Alice Boyd (1825-1897)

The Witches going to Market

Details
Alice Boyd (1825-1897)
The Witches going to Market
signed with initals and dated 'AB 76' (lower left)
pencil and watercolour heightened with white
19 x 27 in. (48.2 x 68.6 cm.)
Provenance
Penkill Castle until 1992.

Lot Essay

Alice Boyd's work shows the strong influence of William Bell Scott, whom she met when she asked him to give her painting lessons in 1859, and with whom she worked daily after they and Scott's wife had established their ménage à trois. As the present picture demonstrates, however, she often displays a nervous sensibility and edginess which are very much her own. The picture is inspired by Scott's poem The Witch's Ballad, which Sir Arthur Quiller-Couch included in his 1900 edition of The Oxford Book of English Verse.
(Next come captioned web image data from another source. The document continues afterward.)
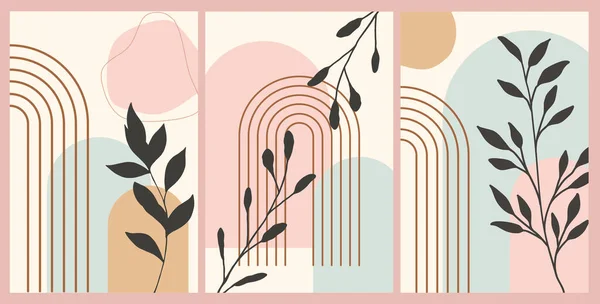 Boho Pastels Elements Abstract Set Art Print Botanical Wall Art — Stock Photo, Image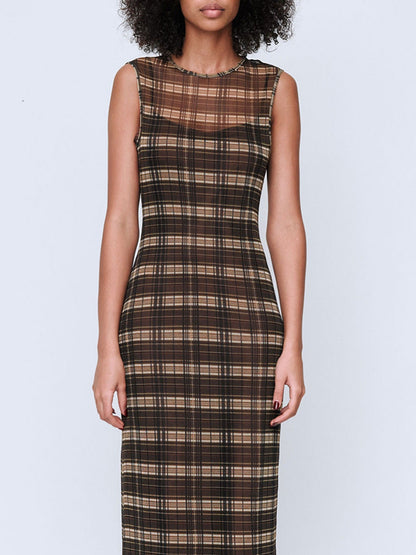 Wynn Hamlyn | Silk Mesh Maxi Dress - Brown Check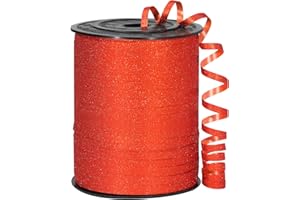 OMISELIO Orange Ribbon, 500 Yard Glitter Orange Curling Ribbon, Shiny Metallic Curling Ribbon for Gift Wrapping, Balloon Ribbon, Balloon String, Curly Ribbon for Halloween, Christmas
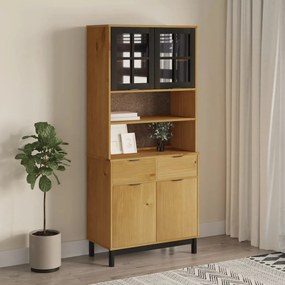 vidaXL Armário alto c/ portas de vidro FLAM 80x40x180 cm pinho maciço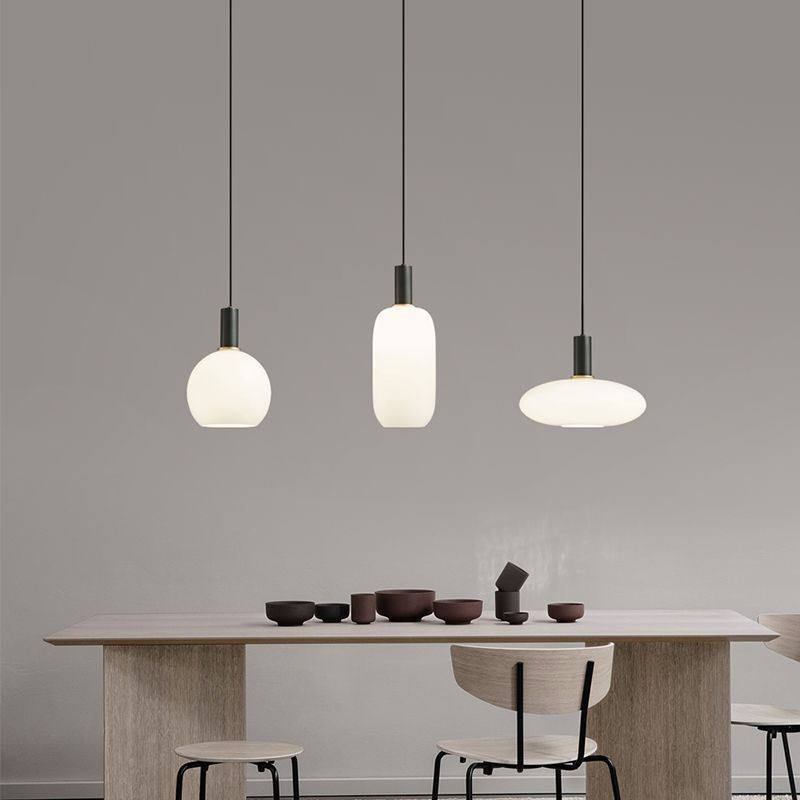 Luminária pendente simples e moderna de vidro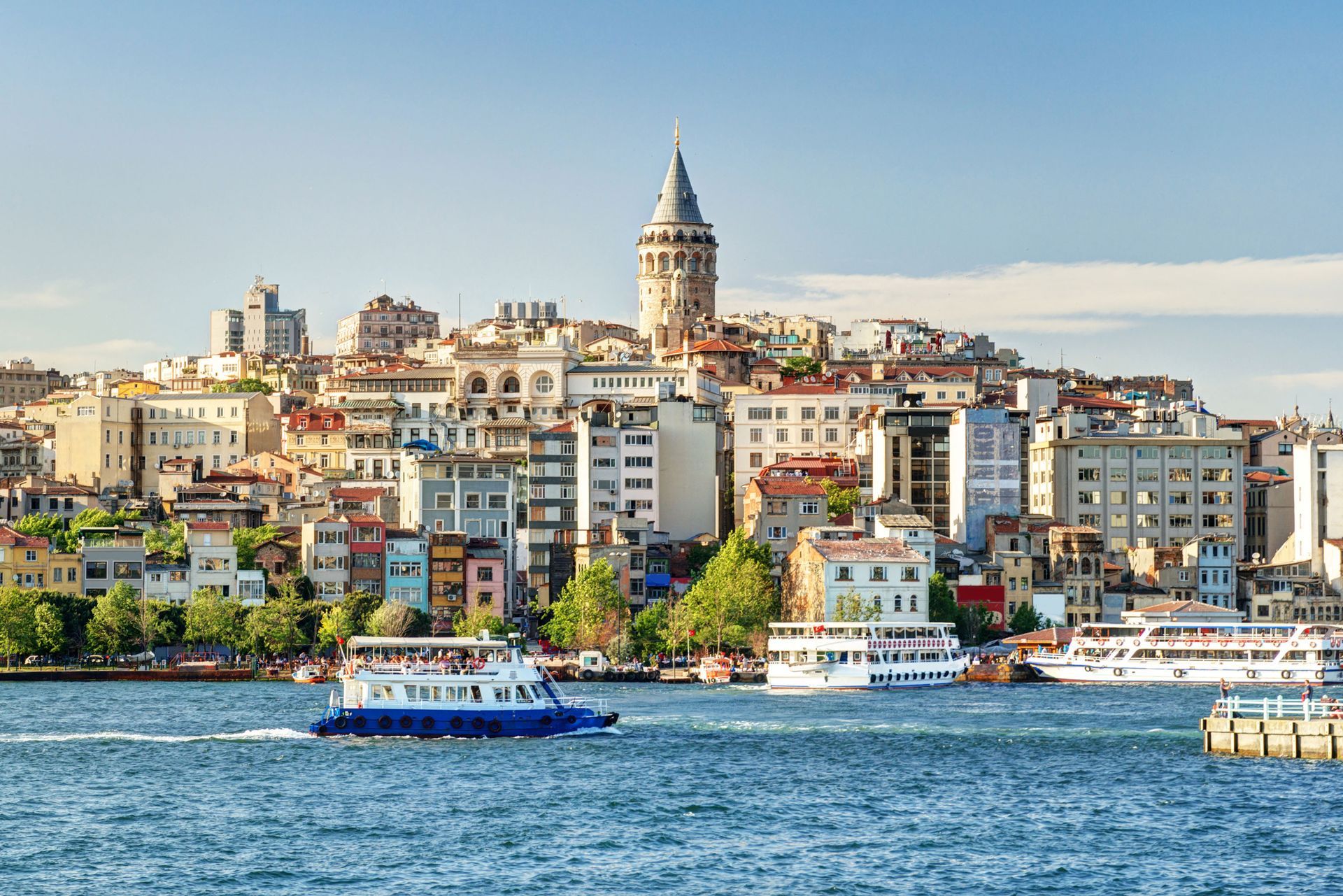 View of Galata Tower in Istanbul, Turkey from the water.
O, I hae come from far away,
From a warm land far away,
A southern land across the sea,
With sailor-lads about the mast,
Merry and canny, and kind to me.

And I hae been to you town
To try my luck in yon town;
Nort and Mysie, Elspie too.
Right braw we were to pass the gate,
Wi' gowden clasps on girdles blue.

We walk'd abeast all up the street,
Into the market up the street:
Our hair with marigolds was wound
Our bodices with love-knots laced,
Our merchandise with tansy bound.

Nort had chickens, I had cocks,
Gamesome cocks, loud-crowing cocks:
Mysie ducks, and Elspie drakes,
For a wee groat or a poun:
We lost nae time wi'gives and takes.

Witch subjects seem to have fascinated Scott, who had exhibited a picture of King James examining the Witches of North Berwick at the Royal Scottish Academy in 1845.